Court of Session Inner House First Division.

Wednesday, March 15. 1911.

[ Lord Dewar, Ordinary.

48 SLR 586

Jack

v.

Black.

(Reported on the Merits, January 28, 1911, supra, p. 331.)


Subject_1Expenses
Subject_2Tender
Subject_3Expenses Subsequent to Tender
Subject_4Expenses Incurred in the Natural Progress of the Cause — Delay in Accepting Tender.
Facts:

Where a tender is lodged, the pursuer, if he means to accept it, must do so within a reasonable time. Where that time has been exceeded the defender is entitled to the expenses incurred by him in the natural progress of the cause between the date when the tender ought to have been accepted and its acceptance—the question as to what is a reasonable time being matter for the consideration of the Auditor.

Headnote:

In this case, which was an action of damages for wrongous use of diligence in obtaining a warrant to carry back a tenant's furniture to premises vacated by him, the Lord Ordinary ( Dewar) on 2nd November 1910 approved of an issue for the trial of the cause.

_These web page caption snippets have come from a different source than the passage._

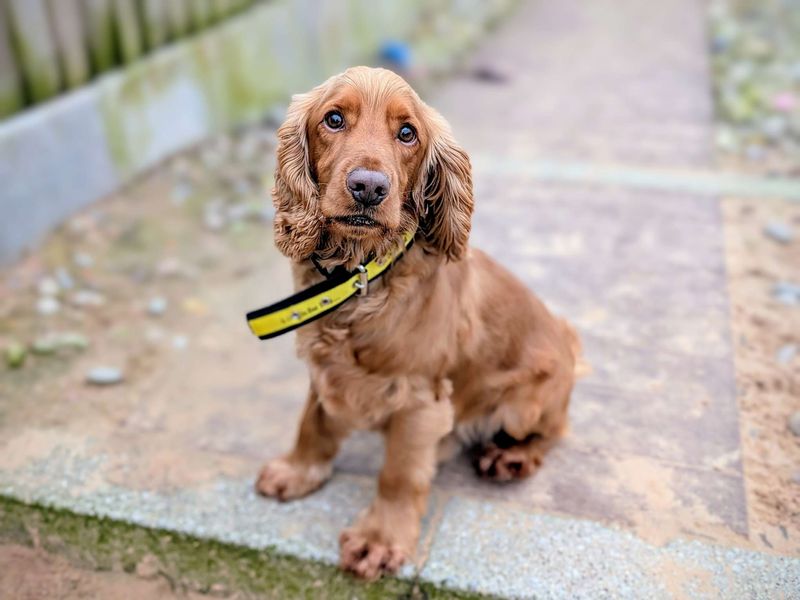 Cocker Spaniel for adoption in Cardiff / Caerdydd, South Glamorgan – 3 years old - Image 6 of 7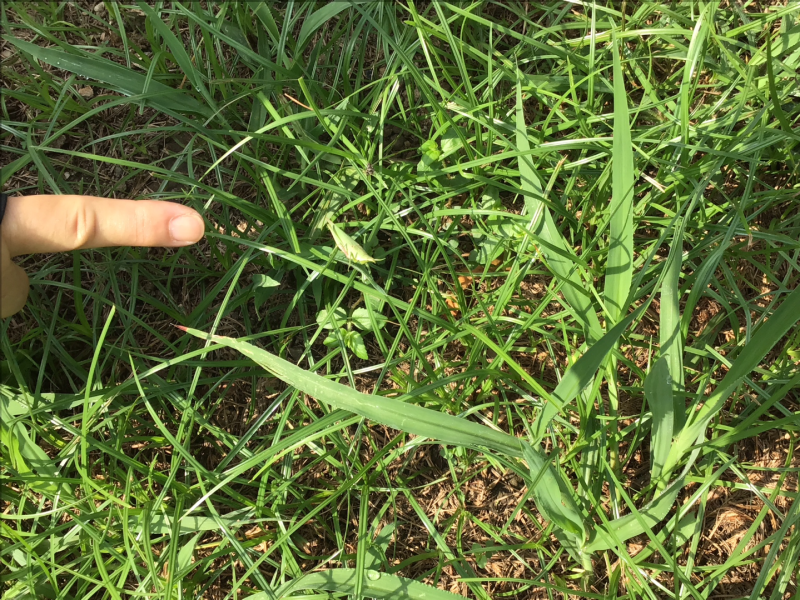 3年1組_理科_岡本 正彦_2025年9月10日のノート (1)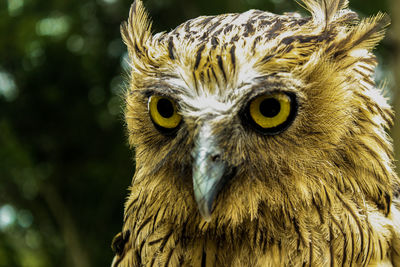 Close-up portrait of owl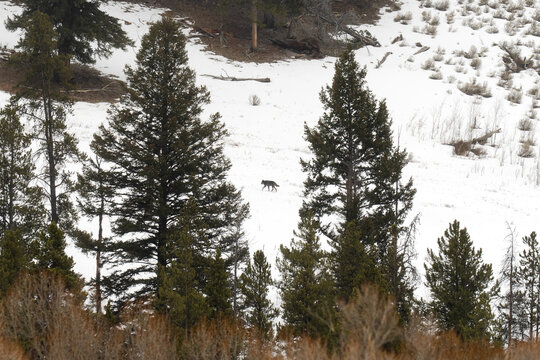 Wolf walking through snowy winter landscape in yellowstone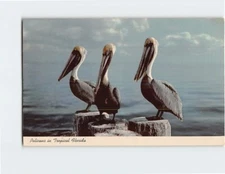 Postcard Pelicans in Tropical Florida USA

On 10th February 1911 his Lordship fixed the trial for 30th May. On the same day the defender lodged a tender of £75 with expenses to its date. The tender was accepted by the pursuer on 2nd March 1911.

Page: 587

Thereafter, on 4th March 1911, the Lord Ordinary ( Dewar), in respect of the minute of tender and acceptance, decerned against the defender for the said sum of £75, and found the defender liable in expenses.

The defender reclaimed, and argued that he was entitled to expenses between the date of lodging the tender and its acceptance. When, as here, a pursuer unduly delayed accepting a tender, the defender was entitled to assume that it was not going to be accepted. He was not bound to wait till the eve of the trial before preparing for it. The reclaimer had incurred expense in obtaining precognitions. These expenses were necessary in the proper conduct of the case, and he was therefore entitled to them— Shaw v. Edinburgh and Glasgow Railway Company, No vember 28, 1863, 2 Macph. 142; M'Laughlin v. Glasgow Tramway and Omnibus Company Limited, June 30, 1897, 24 R, 992; Wilson v. Rapp, 1909, 2 S.L.T. 295; Jacobs v. Provincial Motor Cab Company Limited, 1910 S.C. 756, 47 S.L.R. 634. Reference was also made to article 3 of the General Regulations as to the Taxation of Judicial Accounts ( v. P.H. Book, G 34).

Argued for respondent—The Court would not readily entertain a reclaiming note on the mere question of expenses, especially where, as here, the sum in dispute was trifling— Caldwell v. Dykes, May 25, 1906, 8 F. 839, 43 S.L.R. 606. The pursuer was entitled to consult counsel before accepting the tender, and owing to the intervention of the February week (when the Court did not sit) counsel were not available. No undue delay had therefore taken place.

Judgment:

Lord President—In this case the pursuer sued the defender for damages in respect of wrongous diligence. The Lord Ordinary allowed an issue. A reclaiming note was taken to this Division, who refused the reclaiming note and remitted to the Lord Ordinary to proceed. On 10th February the Lord Ordinary fixed the date of the trial, as he was bound to do under the recent Act of Sederunt, for 30th May. That very same day a minute of tender was lodged for the defender, tendering in proper form a certain sum “with the taxed expenses to date hereof.” Now that tender was not accepted until 2nd March, that is to say, nearly three weeks afterwards. The tender being accepted, the Lord Ordinary on 4th March, in respect of the minute of tender, decerned against the defender for payment to the pursuer of the sum of £75 sterling and found the defender liable in expenses. Against that a reclaiming note has been taken.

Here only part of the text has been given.